But this is just implementing by hand and disk usage what a hash table is trying to do in memory. If the table was large enough to hold all the visited position at depth 7, it would only do the remining perft(6) for the sub-tree once, and then finish the perft(13) like it was a perft(8) by getting hash cutoffs at each revisit.

Another lesson is that it would be OK to use the disk for a hash table at the initial levels of a deep perft. Where the time it takes to visit a new position (let alone the same position) is excessively long anyway, so that the time of a disk access is still an extremely small fraction of the time you would need to recalculate a result there.

petero2 · Post by **petero2** » Sun Jan 11, 2026 8:51 pm

phhnguyen wrote: ↑Sat Jan 10, 2026 11:25 pm 7) MPerft by Richard Delorme
https://github.com/abulmo/MPerft

The project was updated 6 years ago. I downloaded and compiled it via the make command.

It is the fastest and significantly faster than other programs in this comparison, 17 times faster than Stockfish. On the screen, it prints clearly that it uses hashing and multithreading.

Are you sure it is using multithreading? On my computer it says it is using hashing and bulk counting, but it doesn't say anything about multiple threads, and only uses one thread. Also looking at the source code I see nothing about threads in it.

On my 16 core AMD 7950X3D I get:

Code: Select all

my perft 32 threads   1393 ms
MPerft               13627 ms
my perft 1 thread    17651 ms

Sopel · Post by **Sopel** » Sun Jan 11, 2026 9:42 pm

FWIW on 7800x3d on windows I get ~300Mnps for SF 17.1 and 1650Mnps for gigantua on perft 7

phhnguyen · Post by **phhnguyen** » Mon Jan 12, 2026 10:59 am

hgm wrote: ↑Sun Jan 11, 2026 11:46 am The key to doing fast perfts seems to be hashing.

Agreed. Hashing is one of the largest gain methods for Perft.

However, from my experience as well as reading somewhere, hashing may give a factor of about 2 times speed. My computer has 8 cores, and multithreading could bring me a factor of 8 times faster

phhnguyen · Post by **phhnguyen** » Mon Jan 12, 2026 11:03 am

petero2 wrote: ↑Sun Jan 11, 2026 8:51 pm
phhnguyen wrote: ↑Sat Jan 10, 2026 11:25 pm 7) MPerft by Richard Delorme
https://github.com/abulmo/MPerft

The project was updated 6 years ago. I downloaded and compiled it via the make command.

It is the fastest and significantly faster than other programs in this comparison, 17 times faster than Stockfish. On the screen, it prints clearly that it uses hashing and multithreading.
Are you sure it is using multithreading? On my computer it says it is using hashing and bulk counting, but it doesn't say anything about multiple threads, and only uses one thread. Also looking at the source code I see nothing about threads in it.

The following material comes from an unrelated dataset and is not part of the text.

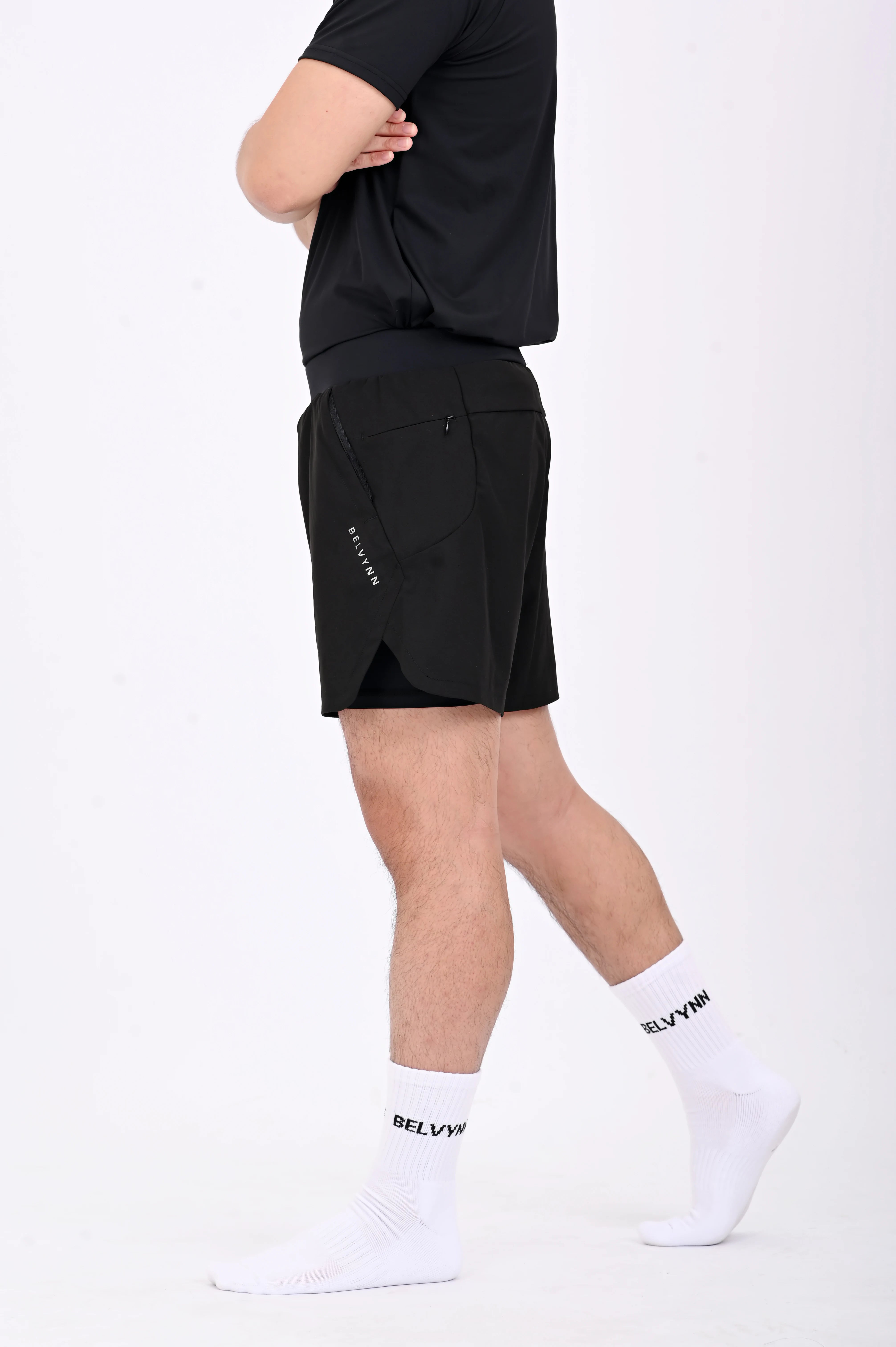 Side view of a person walking wearing BELVYNN premium black shorts and black tank top against a white background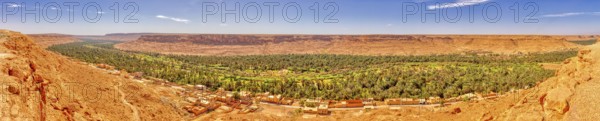 A panorama with an expansive green oasis and surrounding desert hills, Ziz Canyon in Morocco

You are right! It is my mistake! MPerft uses bulk counting and hashing only!

petero2 wrote: ↑Sun Jan 11, 2026 8:51 pm On my 16 core AMD 7950X3D I get:
Code: Select all
my perft 32 threads   1393 ms
MPerft               13627 ms
my perft 1 thread    17651 ms

Your Perft is so fast. Did you publish it?

phhnguyen · Post by **phhnguyen** » Mon Jan 12, 2026 11:30 am

Sopel wrote: ↑Sun Jan 11, 2026 9:42 pm FWIW on 7800x3d on windows I get ~300Mnps for SF 17.1 and 1650Mnps for gigantua on perft 7

Your information is ambiguous to me. SF doesn't print out both elapsed and speed when computing Perft. How can you get the speed of 300 Mbps? If it is the speed of normal search, we cannot use it to compare with Gigantua since (AFAK) it uses leave nodes from bulk counting, but not nodes by making/undoing to calculate Perft speed.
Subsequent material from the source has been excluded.